Certaines universités se sont dotées d’un bureau ou d’un centre d’aide, où se trouvent des personnes formées spécifiquement pour venir en aide aux victimes d’agression sexuelle. «Nous recommandons qu’il y ait une ressource spécialisée indépendante au sein de l’université, qui pourrait offrir du soutien et faire de la prévention, de l’éducation et de l’accompagnement lors de démarches juridiques ou judiciaires. Dans certains cas, cette ressource pourrait être située à l’extérieur de l’établissement universitaire. L’Université d’Ottawa, par exemple, a conclu une entente de service avec un organisme communautaire externe. Dans d’autres cas, une université pourrait elle-même créer cette ressource.»
Préjugés tenaces
Malgré les efforts des dernières années pour contrer les préjugés entourant les agressions à caractère sexuel, des croyances tendant à banaliser les gestes de violence sexuelle perdurent, y compris en milieu universitaire.
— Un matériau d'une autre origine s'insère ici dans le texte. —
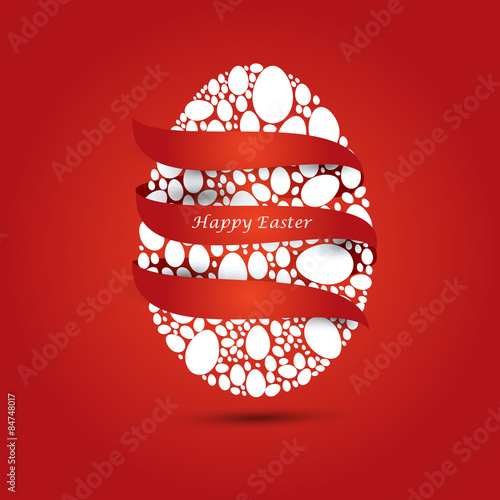 Happy Easter. White Easter eggs wrapped in red ribbon. Red backg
«Dans notre enquête, la grande majorité des répondants ont exprimé leur désaccord avec des énoncés exprimant des préjugés», note Manon Bergeron. Toutefois, près de 40 % des répondants se sont déclarés neutres ou d’accord avec l’énoncé suivant: Certains gestes anodins des hommes sont injustement interprétés comme du harcèlement sexuel. Une personne sur cinq s’est aussi déclarée neutre ou d’accord avec cet autre énoncé: Lorsque les femmes s’habillent de manière sexy, elles envoient des messages contradictoires aux hommes. «Ces croyances préjudiciables culpabilisent les victimes et déresponsabilisent les individus qui commettent des gestes violents, observe Manon Bergeron. Elles heurtent de front l’mage que l’on se fait de l’institution universitaire, celle d’un milieu protégé, exempt de manifestations de violence.»
Pour une loi-cadre
À la lumière des résultats de l’enquête, les chercheuses formulent 15 recommandations afin de mobiliser les instances gouvernementales, institutionnelles et l’ensemble de la communauté universitaire québécoise. Ces recommandations visent avant tout la prévention des violences sexuelles.
«L’une de nos principales recommandations concerne l’adoption au Québec d’une loi-cadre et d’un plan d’action gouvernemental visant à obliger les établissements d’enseignement postsecondaire à lutter contre la violence sexuelle, comme cela s’est fait en Ontario. Nous croyons aussi que le gouvernement fédéral, en particulier Condition féminine Canada, doit assumer un leadership afin d’inciter les provinces à faire les changements qui s’imposent.»
D’autres recommandations concernent, notamment, l’élaboration d’une politique institutionnelle spécifique afin de combattre toutes les formes de violence sexuelle et la création d’un comité responsable de son application ; un système de veille pour colliger des statistiques annuelles sur les manifestions de violence et les plaintes; des campagnes de sensibilisation permanentes et adaptées aux différents groupes de la communauté universitaire; un environnement physique sécuritaire; et le financement de projets de recherche dans le domaine des violences sexuelles en milieu universitaire.
Passer à l’action
L’enquête a permis de recueillir 2 000 récits – de longueur variable – décrivant des événements de violence qui seront analysés par les chercheuses. Ces dernières examineront aussi les besoins des groupes les plus à risque de subir de la violence et réaliseront des entrevues avec des victimes de violence. Des chercheuses et chercheurs d’autres universités québécoises, tant francophone qu’anglophones, pourraient se joindre à l’équipe.
«Ce rapport se veut un outil de sensibilisation et de mobilisation. Il est temps, maintenant, de passer à l’action», conclut Manon Bergeron.